### TASK INSTRUCTIONS
Your output should be the lines from the start of the data through the line containing "Nissan NV300 - 4", exactly and nothing more.
= = =












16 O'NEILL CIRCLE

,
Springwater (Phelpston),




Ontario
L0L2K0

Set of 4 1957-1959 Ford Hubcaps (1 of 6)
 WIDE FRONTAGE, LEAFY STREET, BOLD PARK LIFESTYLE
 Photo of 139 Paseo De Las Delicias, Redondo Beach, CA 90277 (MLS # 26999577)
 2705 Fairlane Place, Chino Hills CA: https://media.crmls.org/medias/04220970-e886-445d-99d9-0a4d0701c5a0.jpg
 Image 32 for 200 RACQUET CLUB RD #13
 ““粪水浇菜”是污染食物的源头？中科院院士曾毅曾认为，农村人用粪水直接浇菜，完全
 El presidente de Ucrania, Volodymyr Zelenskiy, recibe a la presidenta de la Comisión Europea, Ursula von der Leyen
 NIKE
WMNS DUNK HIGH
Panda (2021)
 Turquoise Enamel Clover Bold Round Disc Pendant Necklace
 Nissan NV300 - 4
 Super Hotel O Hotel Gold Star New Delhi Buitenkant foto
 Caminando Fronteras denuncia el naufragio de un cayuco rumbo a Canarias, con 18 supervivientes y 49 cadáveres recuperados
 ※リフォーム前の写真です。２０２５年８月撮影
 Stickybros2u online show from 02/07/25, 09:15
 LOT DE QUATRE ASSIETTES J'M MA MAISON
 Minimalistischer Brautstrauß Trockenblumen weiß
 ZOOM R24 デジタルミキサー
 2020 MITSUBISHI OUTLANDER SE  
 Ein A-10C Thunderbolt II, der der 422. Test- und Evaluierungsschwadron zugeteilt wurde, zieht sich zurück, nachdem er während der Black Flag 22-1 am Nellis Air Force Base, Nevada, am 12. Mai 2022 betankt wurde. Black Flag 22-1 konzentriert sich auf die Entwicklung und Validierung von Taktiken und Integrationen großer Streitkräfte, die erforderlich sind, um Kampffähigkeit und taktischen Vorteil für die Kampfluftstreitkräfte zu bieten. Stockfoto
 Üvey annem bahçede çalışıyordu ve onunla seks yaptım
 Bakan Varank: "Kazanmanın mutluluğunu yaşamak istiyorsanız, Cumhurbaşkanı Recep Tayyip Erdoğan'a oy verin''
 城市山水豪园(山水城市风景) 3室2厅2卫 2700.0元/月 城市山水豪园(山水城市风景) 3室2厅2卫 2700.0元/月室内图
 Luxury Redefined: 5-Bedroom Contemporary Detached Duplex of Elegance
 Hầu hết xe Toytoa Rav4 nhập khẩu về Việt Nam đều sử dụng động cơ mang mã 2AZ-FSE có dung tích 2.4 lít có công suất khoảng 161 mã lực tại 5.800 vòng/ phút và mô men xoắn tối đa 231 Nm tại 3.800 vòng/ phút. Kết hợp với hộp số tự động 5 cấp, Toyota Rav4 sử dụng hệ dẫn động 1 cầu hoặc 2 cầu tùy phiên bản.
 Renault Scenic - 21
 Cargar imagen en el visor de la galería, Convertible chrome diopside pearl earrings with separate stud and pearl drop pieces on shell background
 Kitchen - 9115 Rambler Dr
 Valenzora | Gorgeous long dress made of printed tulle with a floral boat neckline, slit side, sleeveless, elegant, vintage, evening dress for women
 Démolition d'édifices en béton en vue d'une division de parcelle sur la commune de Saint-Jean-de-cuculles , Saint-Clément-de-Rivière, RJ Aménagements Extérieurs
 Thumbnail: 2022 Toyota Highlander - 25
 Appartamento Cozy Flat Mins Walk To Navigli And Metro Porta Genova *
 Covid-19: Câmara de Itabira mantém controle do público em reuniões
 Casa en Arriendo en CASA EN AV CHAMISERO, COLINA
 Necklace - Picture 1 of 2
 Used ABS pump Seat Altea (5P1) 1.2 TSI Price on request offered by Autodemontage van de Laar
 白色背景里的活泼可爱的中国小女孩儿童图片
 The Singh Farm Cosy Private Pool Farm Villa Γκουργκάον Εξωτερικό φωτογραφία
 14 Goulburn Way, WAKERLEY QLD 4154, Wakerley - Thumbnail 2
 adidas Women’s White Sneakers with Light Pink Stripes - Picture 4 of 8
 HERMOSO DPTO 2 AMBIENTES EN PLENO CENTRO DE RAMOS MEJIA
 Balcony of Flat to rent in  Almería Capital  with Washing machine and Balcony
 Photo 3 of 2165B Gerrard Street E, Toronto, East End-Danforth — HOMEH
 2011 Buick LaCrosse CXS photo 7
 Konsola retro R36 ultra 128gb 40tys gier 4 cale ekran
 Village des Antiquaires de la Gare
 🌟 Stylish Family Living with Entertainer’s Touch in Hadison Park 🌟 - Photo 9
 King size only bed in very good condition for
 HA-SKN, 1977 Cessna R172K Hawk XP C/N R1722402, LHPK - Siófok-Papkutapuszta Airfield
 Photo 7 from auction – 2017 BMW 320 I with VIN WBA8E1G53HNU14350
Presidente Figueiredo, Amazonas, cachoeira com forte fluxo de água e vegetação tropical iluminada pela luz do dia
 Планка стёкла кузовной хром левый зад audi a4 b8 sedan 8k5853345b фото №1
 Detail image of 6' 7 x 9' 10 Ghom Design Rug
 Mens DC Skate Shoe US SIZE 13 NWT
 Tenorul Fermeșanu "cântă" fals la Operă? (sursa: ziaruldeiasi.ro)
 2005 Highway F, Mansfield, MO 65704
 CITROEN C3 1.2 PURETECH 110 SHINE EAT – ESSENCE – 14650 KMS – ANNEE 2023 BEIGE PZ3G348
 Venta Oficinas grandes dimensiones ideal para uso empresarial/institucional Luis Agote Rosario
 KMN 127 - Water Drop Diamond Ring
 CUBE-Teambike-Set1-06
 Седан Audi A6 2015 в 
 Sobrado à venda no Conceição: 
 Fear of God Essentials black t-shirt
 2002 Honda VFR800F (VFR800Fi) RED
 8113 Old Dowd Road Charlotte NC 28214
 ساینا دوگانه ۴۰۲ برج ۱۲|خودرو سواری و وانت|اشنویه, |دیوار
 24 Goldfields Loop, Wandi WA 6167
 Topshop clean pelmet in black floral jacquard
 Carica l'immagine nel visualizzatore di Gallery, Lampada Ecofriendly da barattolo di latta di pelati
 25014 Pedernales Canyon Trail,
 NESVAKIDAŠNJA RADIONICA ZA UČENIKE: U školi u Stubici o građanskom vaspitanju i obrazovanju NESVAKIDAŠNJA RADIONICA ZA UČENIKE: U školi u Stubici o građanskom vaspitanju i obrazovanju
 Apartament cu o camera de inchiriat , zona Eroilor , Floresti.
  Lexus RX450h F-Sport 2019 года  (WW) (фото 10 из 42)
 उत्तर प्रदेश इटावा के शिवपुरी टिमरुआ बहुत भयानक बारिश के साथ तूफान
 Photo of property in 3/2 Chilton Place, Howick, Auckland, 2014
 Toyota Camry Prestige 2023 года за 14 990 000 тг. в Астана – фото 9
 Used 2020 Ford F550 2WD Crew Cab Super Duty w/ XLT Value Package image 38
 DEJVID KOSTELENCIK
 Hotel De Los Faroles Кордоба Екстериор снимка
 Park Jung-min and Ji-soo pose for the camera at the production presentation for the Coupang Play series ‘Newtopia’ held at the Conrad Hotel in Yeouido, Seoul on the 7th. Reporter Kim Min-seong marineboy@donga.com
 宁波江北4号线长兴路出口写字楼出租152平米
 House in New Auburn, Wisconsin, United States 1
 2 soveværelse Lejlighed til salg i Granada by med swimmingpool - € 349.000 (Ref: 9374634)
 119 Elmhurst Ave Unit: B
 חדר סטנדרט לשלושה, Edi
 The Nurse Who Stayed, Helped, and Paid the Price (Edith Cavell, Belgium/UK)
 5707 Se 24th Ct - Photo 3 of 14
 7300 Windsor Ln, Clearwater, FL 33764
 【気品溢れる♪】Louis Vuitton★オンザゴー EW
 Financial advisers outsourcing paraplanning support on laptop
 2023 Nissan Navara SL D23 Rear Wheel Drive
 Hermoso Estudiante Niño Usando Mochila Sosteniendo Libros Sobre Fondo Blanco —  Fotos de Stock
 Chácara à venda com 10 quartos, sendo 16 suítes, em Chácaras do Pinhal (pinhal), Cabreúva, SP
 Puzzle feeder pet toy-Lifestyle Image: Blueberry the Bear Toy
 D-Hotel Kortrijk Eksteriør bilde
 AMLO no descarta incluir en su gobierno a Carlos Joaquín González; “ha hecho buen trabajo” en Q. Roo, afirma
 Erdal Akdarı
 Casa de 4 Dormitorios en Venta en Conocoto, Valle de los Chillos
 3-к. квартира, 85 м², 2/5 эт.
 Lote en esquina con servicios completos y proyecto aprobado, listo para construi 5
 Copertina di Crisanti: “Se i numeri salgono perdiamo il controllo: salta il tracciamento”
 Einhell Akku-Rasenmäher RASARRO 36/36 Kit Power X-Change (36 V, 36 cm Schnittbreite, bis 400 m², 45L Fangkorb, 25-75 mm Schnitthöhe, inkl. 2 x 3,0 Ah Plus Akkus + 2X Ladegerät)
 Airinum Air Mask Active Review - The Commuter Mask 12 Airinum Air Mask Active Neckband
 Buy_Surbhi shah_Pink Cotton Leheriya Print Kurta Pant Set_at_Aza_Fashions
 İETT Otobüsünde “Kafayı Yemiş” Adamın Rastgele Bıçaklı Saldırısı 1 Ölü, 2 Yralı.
= = =
### SOLUTION
16 O'NEILL CIRCLE

,
Springwater (Phelpston),




Ontario
L0L2K0

Set of 4 1957-1959 Ford Hubcaps (1 of 6)
 WIDE FRONTAGE, LEAFY STREET, BOLD PARK LIFESTYLE
 Photo of 139 Paseo De Las Delicias, Redondo Beach, CA 90277 (MLS # 26999577)
 2705 Fairlane Place, Chino Hills CA: https://media.crmls.org/medias/04220970-e886-445d-99d9-0a4d0701c5a0.jpg
 Image 32 for 200 RACQUET CLUB RD #13
 ““粪水浇菜”是污染食物的源头？中科院院士曾毅曾认为，农村人用粪水直接浇菜，完全
 El presidente de Ucrania, Volodymyr Zelenskiy, recibe a la presidenta de la Comisión Europea, Ursula von der Leyen
 NIKE
WMNS DUNK HIGH
Panda (2021)
 Turquoise Enamel Clover Bold Round Disc Pendant Necklace
 Nissan NV300 - 4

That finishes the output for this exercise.